Table 2 shows the relative difference between EBLUP and SEBLUP estimates’ \( \overline{RRMSE} \), as shown in Eq. (15), formatting the cells based on a black-to-white colour scale. Darker scales represent positive values, meaning a better performance of EBLUP estimates with respect to their quality measure, and white scales refer to negative values, which show that SEBLUP estimates improve their quality measure when compared to EBLUP estimates. First, it is clear from Table 2 that SEBLUP estimates outperform EBLUP estimates, in terms of \( \overline{RRMSE} \), when the spatial correlation parameter is large, while EBLUP estimates tend to be more precise than the SEBLUP when ρ is close to 0. The SEBLUP is thus preferred over the EBLUP to examine social issues that spatially cluster together, as is the case of crime rates (Baller et al. 2001) and perceptions about crime and the police (Jackson et al. 2013; Williams et al. 2019). Second, the relative difference between EBLUP and SEBLUP estimates’ \( \overline{RRMSE} \) shows that the benefit obtained by borrowing strength from neighboring areas is larger as the number of areas increases. For example, for m = 25 the relative difference of \( \overline{RRMSE} \) shows that SEBLUP estimates are more precise than the EBLUPs only when the spatial correlation parameter is very large (ρ = 0.75), while the SEBLUP outperforms the EBLUP in all cases for m = 255, even when ρ = 0. In other words, the EBLUP is expected to outperform the SEBLUP in studies producing estimates for a small number of areas (e.g. estimates of drug use for ten local authorities; Gemmell et al. 2004); while the SEBLUP produces more reliable estimates when the number of areas under study is large (e.g. estimates of perceived disorder for 282 neighborhoods; Buil-Gil et al. 2019). Therefore, both ρ and m need to be taken into account to explain SEBLUP estimates increased precision in terms of \( \overline{RRMSE}s \), and SEBLUP estimates perform better as the number of areas under study increases.

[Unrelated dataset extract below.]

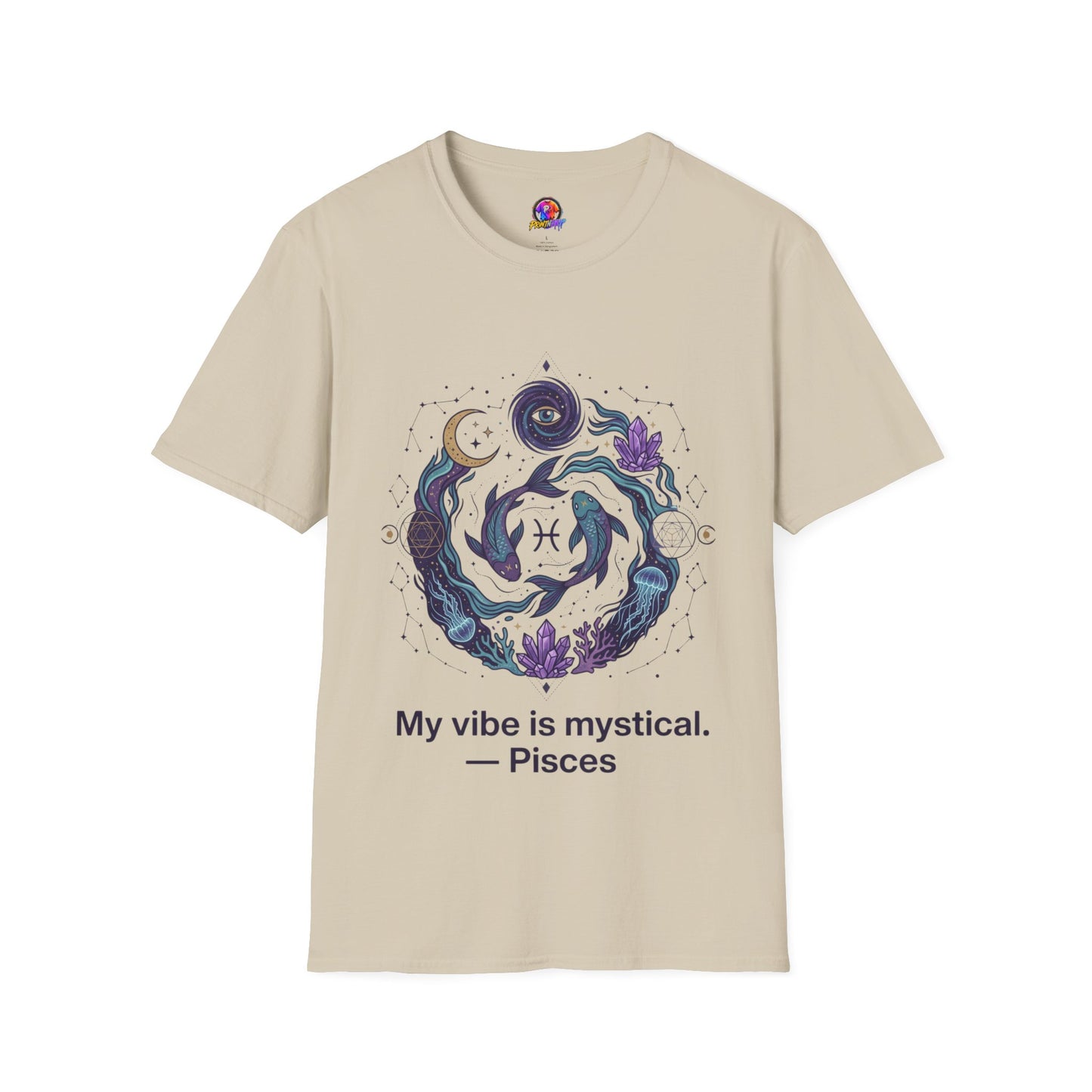 Pisces Mystic Vibes T-Shirt — Astrology Zodiac Tee with 'My vibe is mystical'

Table 3 shows the relative difference between EBLUP and SEBLUP estimates’ \( \overline{ARB} \) and Table 4 shows the relative difference between their \( \overline{ARE} \). Looking at Table 3, it is clear that SEBLUP estimates perform better than EBLUPs, in terms of \( \overline{ARB} \), when the number of areas is large (especially m = {144, 255}), but not in cases of m = {16, 25, 36}. For m = 64, SEBLUP estimates’ \( \overline{ARB} \) is only improved when ρ =  − 0.5 and ρ =  − 0.75. Again, while the \( \overline{ARB} \) of SEBLUP estimates was not improved in any case for m = {16, 25, 36}, such quality measure shows that SEBLUP estimates outperform EBLUPs, in terms of \( \overline{ARB} \), in all simulations performed for m = 255.

Table 4 also shows that both ρ and m have a large impact to improve SEBLUP estimates’ precision, now in terms of \( \overline{ARE} \). For example, for m = 25 the relative difference between EBLUP and SEBLUP’s \( \overline{ARE} \) shows that EBLUP estimates outperform SEBLUPs in all cases except for ρ = 0.75; while for m = 144 such value shows a better precision of SEBLUP estimates except when ρ = 0, and for m = 255 the SEBLUP estimator produces better estimates than the EBLUP in every single case.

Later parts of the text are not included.